S’agissant des sommes sollicitées au titre des frais irrépétibles, les consorts [N] ne peuvent valablement se prévaloir de la somme de 2000 € qui a été allouée à ce titre par la cour d’appel à Madame [U] [N] pour en déduire qu’une compensation aurait dû être faite au profit de cette dernière puisqu’il convient de rappeler que la compensation «est l’extinction simultanée d’obligations réciproques entre deux personnes » et qu’elle ne peut jouer en l’espèce puisque la somme de 2000 € a été allouée à Madame [N] alors que les frais irrépétibles qui sont réclamés par le fonds commun de titrisation le sont à l’encontre des héritiers de Monsieur [N], dont fait partie Madame [N], et non à l’encontre de cette dernière, prise en son nom personnel. Pour le surplus, le fonds commun de titrisation réclame désormais valablement, dans son décompte actualisé, les frais irrépétibles qui ont été alloués à la Société Générale, aux droits duquel vient le fonds défendeur, à hauteur de 1000 € en première instance et à hauteur de 2000 € en appel.

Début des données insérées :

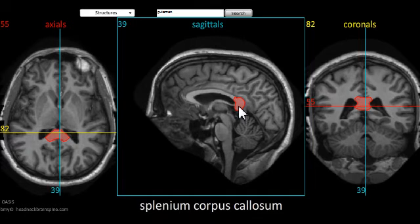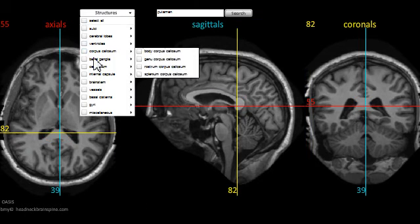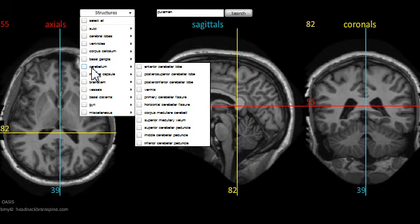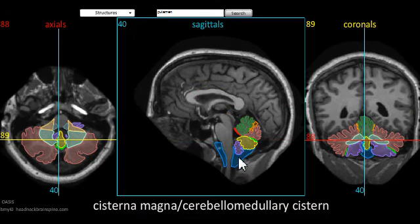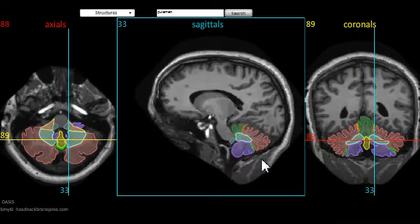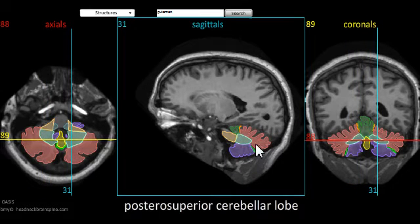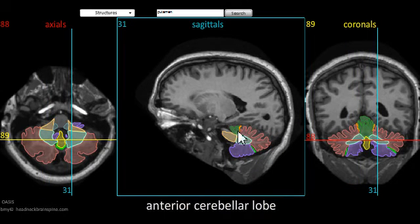Another method — you may want to learn related structures. Say, for example, everything in the cerebellum. Click on the checkbox of the cerebellum. It turns on all the structures, and then they can be appreciated by scrolling through them or moving the mouse over them to see their respective names.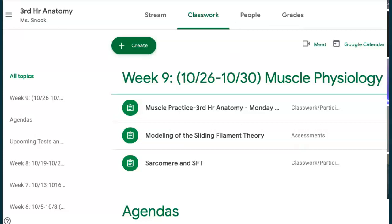While we maybe are bringing in some more people, what I would like you to do is go to week nine. I know a couple of you maybe already did it, but could you open up this muscle practice third hour anatomy?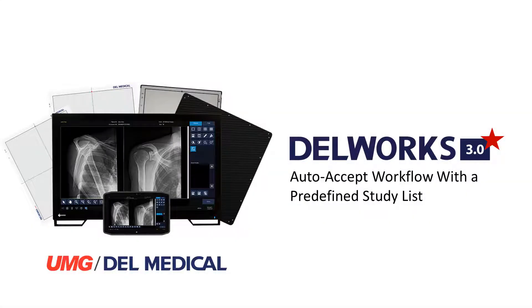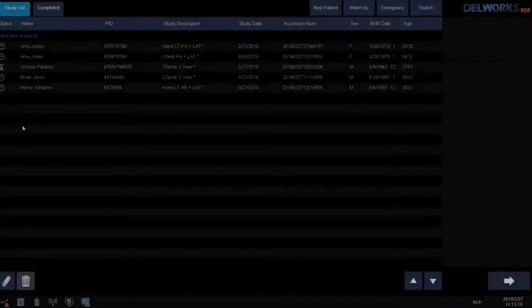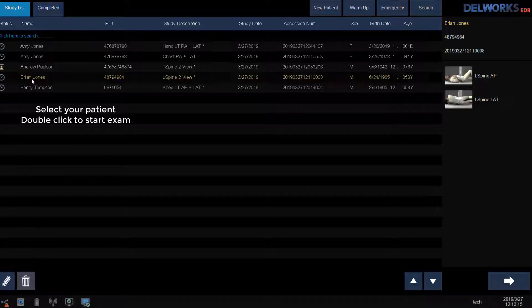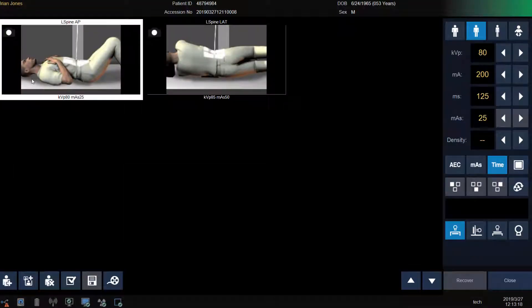I will describe how to start a patient if you have a modality worklist or predefined study list. If your facility has a modality worklist and the application specialist has mapped the exams to your procedure codes, all you have to do is double click on the patient's name to start the exam.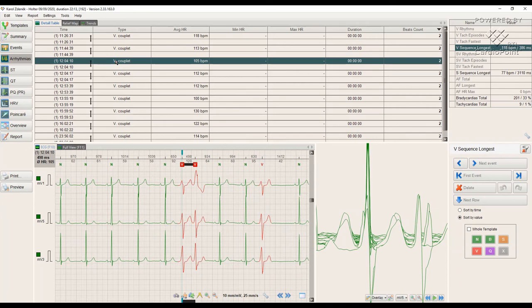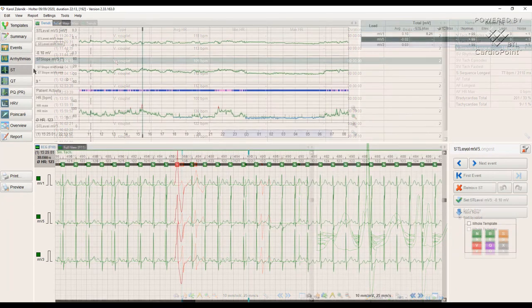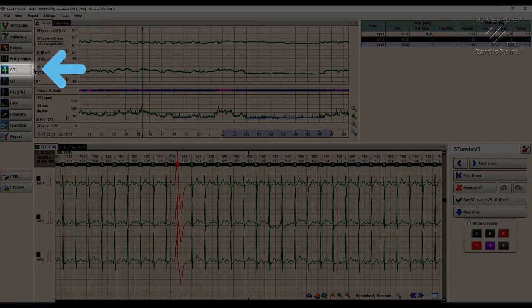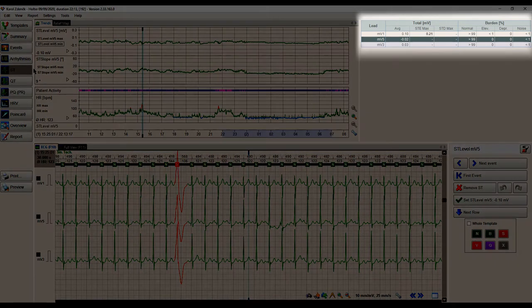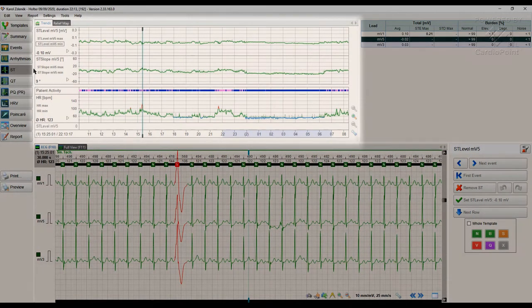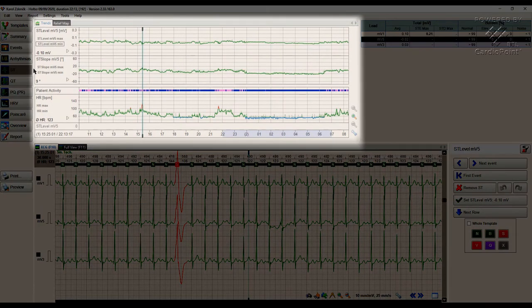The next module is ST. ST module allows us to quickly analyze the changes in ST segments which are presented in tabular form and in the form of a trend graph.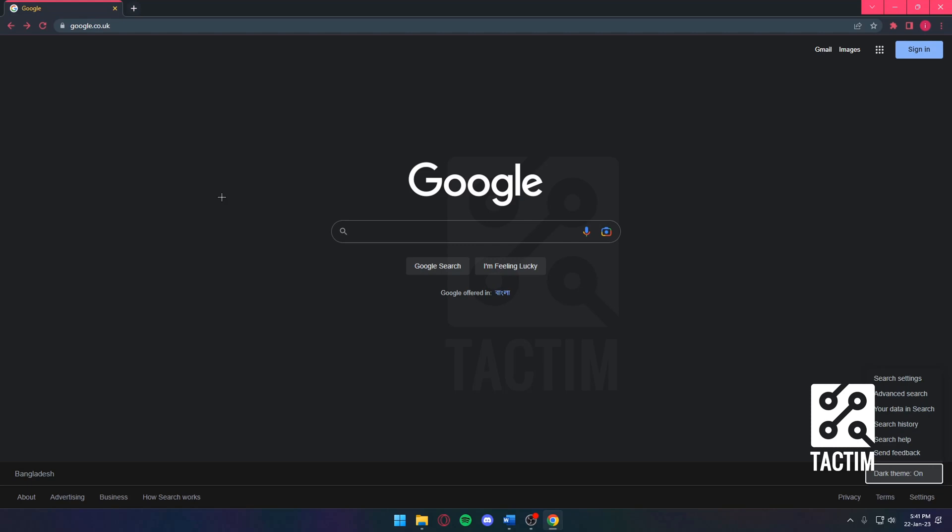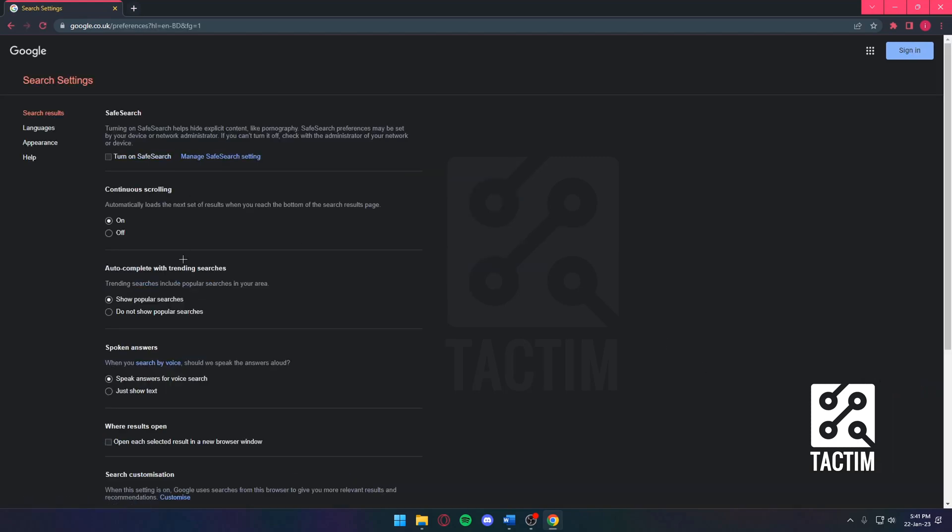So first and foremost, you want to have your search out here. Once you have your search out in the open, you want to go to Search Settings. Once you click on Search Settings, over here,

Par conséquent, conformément à la demande du fonds commun de titrisation, il convient de cantonner la saisie litigieuse du 10 octobre 2023 à la somme totale de 134 034,85 €, soit 131 034,85 € à titre de principal avec capitalisation des intérêts provisoirement arrêtée au 22 juillet 2023 et 3000 € au titre des frais irrépétibles, hors frais d’exécution.
Sur les dépens et frais irrépétibles :
Dans la mesure où les contestations soulevées par les consorts [N] se sont révélées partiellement fondées au regard de l’erreur commise par le défendeur, il convient de dire que chacune des parties conservera la charge des dépens et des frais irrépétibles qu’elle a exposés, les demandes en sens contraire à ce titre étant rejetées.
PAR CES MOTIFS
Le Juge de l’exécution statuant par mise à disposition au greffe, par jugement contradictoire, en premier ressort,
DEBOUTE Madame [U] [F] veuve [N], Monsieur [H] [N] et Monsieur [M] [N] de leur demande tendant à voir prononcer la nullité de l’acte de saisie de droits incorporels dressé à leur encontre le 10 octobre 2023 entre les mains de la société civile LOUISA par le Fonds Commun de Titrisation CASTANEA ayant pour société de gestion la société IQ EQ MANAGEMENT, représenté par son recouvreur, la société MCS ET ASSOCIES;
CANTONNE ladite saisie au paiement de la somme totale de 134 034,85 €, soit 131 034,85 € à titre de principal avec capitalisation des intérêts provisoirement arrêtée au 22 juillet 2023 et 3000 € au titre des frais irrépétibles, hors frais d’exécution ;
DIT que chacune des parties supportera la charge des dépens qu’elle a exposés ;
DIT n’y avoir lieu à faire application de l’article 700 du Code de Procédure Civile;
RAPPELLE qu’en application des dispositions de l’article R.121-21 du Code des Procédures Civiles d’exécution, le délai d’appel et l’appel lui-même portant sur une décision du Juge de l’exécution n’ont pas d’effet suspensif;
REJETTE toutes les autres demandes, plus amples ou contraires des parties.
Le présent jugement a été signé par Madame Agnès MOUCHEL, Juge de l’Exécution et par Madame Margaux HUET, Greffier présent lors du prononcé.